CRB Aïn Oussera
- Full name: Chabab Riadhi Baladiat Aïn Oussara
- Nickname(s): Gazelles
- Founded: 1947; 78 years ago as Chabab Riadhi Baladiat Aïn Oussara
- Ground: 1 November 1954 Stadium
- Capacity: 8,000
- League: Inter-Régions Division
- 2024–25: Inter-Régions Division, Group Centre-west, 6th
| Home colours | Away colours |

= CRB Aïn Oussera =

Algerian football club

Chabab Riadhi Baladiat Aïn Oussara (الشباب الرياضي لبلدية عين وسارة), known as CRB Aïn Oussera or CRBAO for short, is an Algerian football club based in Aïn Oussera, Djelfa.

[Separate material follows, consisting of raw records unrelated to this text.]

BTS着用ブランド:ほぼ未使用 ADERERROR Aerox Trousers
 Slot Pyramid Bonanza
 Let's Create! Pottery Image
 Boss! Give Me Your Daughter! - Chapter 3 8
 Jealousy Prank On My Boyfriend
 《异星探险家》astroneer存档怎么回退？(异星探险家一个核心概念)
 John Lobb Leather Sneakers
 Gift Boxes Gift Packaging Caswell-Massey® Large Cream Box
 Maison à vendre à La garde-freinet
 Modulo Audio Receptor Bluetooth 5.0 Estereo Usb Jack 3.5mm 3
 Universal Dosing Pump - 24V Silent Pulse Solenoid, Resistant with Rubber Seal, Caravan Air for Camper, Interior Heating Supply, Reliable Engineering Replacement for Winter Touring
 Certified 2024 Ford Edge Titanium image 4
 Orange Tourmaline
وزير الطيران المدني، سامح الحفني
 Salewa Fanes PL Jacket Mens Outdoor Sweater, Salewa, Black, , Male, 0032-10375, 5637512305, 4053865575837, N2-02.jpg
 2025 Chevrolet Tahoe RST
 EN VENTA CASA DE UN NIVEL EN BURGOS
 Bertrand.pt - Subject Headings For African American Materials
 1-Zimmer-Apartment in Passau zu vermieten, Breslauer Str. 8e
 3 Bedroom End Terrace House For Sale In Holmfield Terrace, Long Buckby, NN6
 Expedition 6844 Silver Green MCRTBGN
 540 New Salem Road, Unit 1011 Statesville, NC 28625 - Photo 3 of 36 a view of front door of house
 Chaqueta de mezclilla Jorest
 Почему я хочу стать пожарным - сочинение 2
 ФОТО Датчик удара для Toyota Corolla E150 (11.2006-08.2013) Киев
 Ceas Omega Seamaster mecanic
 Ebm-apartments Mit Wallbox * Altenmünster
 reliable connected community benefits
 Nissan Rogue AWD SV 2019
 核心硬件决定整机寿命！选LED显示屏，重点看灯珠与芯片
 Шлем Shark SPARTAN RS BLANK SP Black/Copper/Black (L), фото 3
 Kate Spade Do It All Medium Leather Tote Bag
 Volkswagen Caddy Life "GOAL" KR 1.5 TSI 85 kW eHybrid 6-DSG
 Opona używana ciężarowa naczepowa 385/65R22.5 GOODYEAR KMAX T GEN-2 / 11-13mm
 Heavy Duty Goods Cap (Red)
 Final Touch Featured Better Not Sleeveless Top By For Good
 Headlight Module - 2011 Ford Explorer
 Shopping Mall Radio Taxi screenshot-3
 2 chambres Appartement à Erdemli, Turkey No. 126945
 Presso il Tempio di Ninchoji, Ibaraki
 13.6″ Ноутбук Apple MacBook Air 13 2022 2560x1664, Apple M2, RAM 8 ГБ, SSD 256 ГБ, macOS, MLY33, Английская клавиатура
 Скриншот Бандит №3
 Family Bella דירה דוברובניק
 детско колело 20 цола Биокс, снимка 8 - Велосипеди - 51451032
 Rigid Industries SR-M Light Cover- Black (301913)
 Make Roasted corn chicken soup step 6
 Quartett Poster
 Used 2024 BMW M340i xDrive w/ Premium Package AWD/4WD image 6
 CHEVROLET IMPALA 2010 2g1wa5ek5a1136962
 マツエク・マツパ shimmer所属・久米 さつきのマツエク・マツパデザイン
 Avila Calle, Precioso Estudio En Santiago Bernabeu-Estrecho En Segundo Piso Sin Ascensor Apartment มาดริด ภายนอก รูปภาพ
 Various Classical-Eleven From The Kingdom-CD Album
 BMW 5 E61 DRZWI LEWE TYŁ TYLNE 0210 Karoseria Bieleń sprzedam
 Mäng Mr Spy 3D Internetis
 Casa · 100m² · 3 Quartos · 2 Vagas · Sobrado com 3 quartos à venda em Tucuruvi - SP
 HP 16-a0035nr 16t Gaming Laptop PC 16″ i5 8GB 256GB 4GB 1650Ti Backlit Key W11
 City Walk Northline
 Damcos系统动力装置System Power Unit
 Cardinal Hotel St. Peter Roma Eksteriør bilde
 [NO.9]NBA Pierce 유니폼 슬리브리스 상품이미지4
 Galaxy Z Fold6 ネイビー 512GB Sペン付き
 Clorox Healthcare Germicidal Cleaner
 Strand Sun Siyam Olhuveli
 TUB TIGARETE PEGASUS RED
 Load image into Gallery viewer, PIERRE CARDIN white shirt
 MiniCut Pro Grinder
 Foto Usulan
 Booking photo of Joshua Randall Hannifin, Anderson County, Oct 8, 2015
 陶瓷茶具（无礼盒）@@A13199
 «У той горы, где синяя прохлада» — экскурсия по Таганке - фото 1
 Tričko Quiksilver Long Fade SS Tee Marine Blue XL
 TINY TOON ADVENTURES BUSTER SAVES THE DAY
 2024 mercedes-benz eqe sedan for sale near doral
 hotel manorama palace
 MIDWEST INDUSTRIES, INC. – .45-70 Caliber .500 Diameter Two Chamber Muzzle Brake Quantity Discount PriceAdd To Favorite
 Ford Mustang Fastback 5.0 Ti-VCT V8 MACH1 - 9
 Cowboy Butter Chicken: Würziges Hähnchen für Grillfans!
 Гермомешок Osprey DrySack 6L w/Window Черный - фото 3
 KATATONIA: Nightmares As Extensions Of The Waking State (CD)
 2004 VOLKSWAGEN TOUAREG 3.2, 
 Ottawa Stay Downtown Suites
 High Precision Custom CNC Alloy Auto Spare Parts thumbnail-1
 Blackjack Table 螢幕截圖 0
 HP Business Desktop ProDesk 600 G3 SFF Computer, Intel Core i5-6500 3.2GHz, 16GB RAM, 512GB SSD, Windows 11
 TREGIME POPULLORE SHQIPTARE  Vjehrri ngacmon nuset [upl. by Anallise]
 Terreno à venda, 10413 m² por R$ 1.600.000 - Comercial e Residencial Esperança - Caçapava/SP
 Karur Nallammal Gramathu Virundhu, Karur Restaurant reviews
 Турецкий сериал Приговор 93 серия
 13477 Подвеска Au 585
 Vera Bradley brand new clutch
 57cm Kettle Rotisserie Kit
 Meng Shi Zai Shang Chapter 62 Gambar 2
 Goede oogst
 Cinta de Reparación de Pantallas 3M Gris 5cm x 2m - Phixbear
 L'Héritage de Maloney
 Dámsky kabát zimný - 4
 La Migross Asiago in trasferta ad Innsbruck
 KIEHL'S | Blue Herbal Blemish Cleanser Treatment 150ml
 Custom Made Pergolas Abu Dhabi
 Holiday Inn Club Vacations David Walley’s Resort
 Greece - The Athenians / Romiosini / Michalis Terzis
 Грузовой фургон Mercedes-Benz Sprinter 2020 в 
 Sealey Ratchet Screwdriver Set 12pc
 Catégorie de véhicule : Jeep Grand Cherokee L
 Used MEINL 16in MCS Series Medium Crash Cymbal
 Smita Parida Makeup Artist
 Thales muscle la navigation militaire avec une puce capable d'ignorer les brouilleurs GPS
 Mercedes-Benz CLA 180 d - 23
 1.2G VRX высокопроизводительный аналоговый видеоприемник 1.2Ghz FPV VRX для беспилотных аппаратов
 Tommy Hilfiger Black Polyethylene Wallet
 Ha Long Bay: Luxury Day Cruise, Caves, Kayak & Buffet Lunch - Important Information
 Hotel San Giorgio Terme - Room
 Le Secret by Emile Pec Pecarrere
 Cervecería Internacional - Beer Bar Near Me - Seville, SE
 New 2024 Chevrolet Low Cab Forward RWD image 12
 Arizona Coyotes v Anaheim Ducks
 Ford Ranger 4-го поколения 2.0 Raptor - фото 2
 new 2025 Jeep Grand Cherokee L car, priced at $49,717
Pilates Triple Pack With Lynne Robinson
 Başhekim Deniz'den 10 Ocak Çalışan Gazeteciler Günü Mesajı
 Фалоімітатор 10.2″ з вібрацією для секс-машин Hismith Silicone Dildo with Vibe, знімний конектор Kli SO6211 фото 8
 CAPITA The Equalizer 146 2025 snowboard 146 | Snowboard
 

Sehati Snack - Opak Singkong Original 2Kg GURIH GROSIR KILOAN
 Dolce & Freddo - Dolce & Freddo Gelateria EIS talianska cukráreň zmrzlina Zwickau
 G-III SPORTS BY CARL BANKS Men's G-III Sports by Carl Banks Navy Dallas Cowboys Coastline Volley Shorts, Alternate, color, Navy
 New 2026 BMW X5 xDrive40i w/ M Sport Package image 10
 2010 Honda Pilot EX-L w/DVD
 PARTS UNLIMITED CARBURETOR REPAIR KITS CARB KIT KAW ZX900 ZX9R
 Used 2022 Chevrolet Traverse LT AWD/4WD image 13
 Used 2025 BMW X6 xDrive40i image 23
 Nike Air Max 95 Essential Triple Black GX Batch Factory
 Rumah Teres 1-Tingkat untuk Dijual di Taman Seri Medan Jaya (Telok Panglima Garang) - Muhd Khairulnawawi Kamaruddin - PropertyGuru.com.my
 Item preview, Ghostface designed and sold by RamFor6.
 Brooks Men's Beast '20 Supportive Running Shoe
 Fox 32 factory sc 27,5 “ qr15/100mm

The club was founded in 1947 and its colours are green and white. Their home stadium, 1 November 1954 Stadium, has a capacity of 8,000 spectators. The club is currently playing in the Inter-Régions Division.

==History==
In 2012, while playing in the fourth division, CRB Aïn Oussera reached the quarter-finals of the 2011–12 Algerian Cup. They were the only team outside of the top flight to reach that stage.

On August 5, 2020, CRB Aïn Oussera were promoted to the Algerian Ligue 2.